:: SUPPLIED MATERIAL ::

+ + + + +

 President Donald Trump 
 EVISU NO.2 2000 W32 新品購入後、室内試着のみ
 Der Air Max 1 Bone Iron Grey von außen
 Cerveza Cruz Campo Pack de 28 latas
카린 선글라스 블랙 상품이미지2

+ + + + +

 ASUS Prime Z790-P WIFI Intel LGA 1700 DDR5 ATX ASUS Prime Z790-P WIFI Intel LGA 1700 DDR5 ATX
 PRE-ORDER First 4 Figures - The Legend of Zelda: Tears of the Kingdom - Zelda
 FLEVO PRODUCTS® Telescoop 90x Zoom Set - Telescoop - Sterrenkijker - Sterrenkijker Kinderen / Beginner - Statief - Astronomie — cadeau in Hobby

+ + + + +

Looking back over the data above, restate word for word the lines that begin at the line with "ASUS Prime Z790-P WIFI Intel LGA 1700 DDR5 ATX ASUS" and end at the line with "FLEVO PRODUCTS® Telescoop", inclusive.

 ASUS Prime Z790-P WIFI Intel LGA 1700 DDR5 ATX ASUS Prime Z790-P WIFI Intel LGA 1700 DDR5 ATX
 PRE-ORDER First 4 Figures - The Legend of Zelda: Tears of the Kingdom - Zelda
 FLEVO PRODUCTS® Telescoop 90x Zoom Set - Telescoop - Sterrenkijker - Sterrenkijker Kinderen / Beginner - Statief - Astronomie — cadeau in Hobby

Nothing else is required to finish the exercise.